Huang Alexander A, Huang Samuel Y
Surgery, Northwestern University Feinberg School of Medicine, Chicago, USA.
Internal Medicine, Icahn School of Medicine at Mount Sinai South Nassau, Oceanside, USA.
Cureus. 2023 Oct 5;15(10):e46549. doi: 10.7759/cureus.46549. eCollection 2023 Oct.

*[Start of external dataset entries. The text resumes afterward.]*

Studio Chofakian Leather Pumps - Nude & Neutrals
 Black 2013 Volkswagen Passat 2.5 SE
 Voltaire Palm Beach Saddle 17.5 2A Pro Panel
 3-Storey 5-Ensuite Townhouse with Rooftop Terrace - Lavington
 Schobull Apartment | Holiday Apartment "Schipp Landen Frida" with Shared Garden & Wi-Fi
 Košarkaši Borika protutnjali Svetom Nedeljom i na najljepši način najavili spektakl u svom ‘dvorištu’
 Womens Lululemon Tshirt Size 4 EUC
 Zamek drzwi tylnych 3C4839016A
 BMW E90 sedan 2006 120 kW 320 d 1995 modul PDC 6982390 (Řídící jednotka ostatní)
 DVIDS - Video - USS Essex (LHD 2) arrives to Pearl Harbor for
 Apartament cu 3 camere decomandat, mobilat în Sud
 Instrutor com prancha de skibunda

Machine-learning techniques have been increasing in popularity within medicine during the past decade. However, these computational techniques are not presented in statistical lectures throughout medical school and are perceived to have a high barrier to entry. The objective is to develop a concise pipeline with publicly available data to decrease the learning time towards using machine learning for medical research and quality-improvement initiatives. This report utilized a publicly available machine-learning data package in R (MLDataR) and computational packages (XGBoost) to highlight techniques for machine-learning model development and visualization with SHaply Additive exPlanations (SHAP). A simple six-step process along with example code was constructed to build and visualize machine-learning models. A concrete set of three steps was developed to help with interpretation. Further teaching of these methods could benefit researchers by providing alternative methods for data analysis in medical studies. These could help researchers without computational experience to get a feel for machine learning to better understand the literature and technique.
在过去十年中,机器学习技术在医学领域越来越受欢迎。然而,在整个医学院的统计学课程中都没有介绍这些计算技术,并且人们认为其入门门槛很高。目标是开发一个使用公开可用数据的简洁流程,以减少将机器学习用于医学研究和质量改进计划的学习时间。本报告利用R语言中的一个公开可用的机器学习数据包(MLDataR)和计算包(XGBoost),重点介绍了使用SHaply加法解释(SHAP)进行机器学习模型开发和可视化的技术。构建了一个简单的六步流程以及示例代码,用于构建和可视化机器学习模型。还制定了一套具体的三个步骤来帮助进行解释。进一步教授这些方法可以为研究人员提供医学研究中数据分析的替代方法,从而使他们受益。这可以帮助没有计算经验的研究人员初步了解机器学习,以便更好地理解相关文献和技术。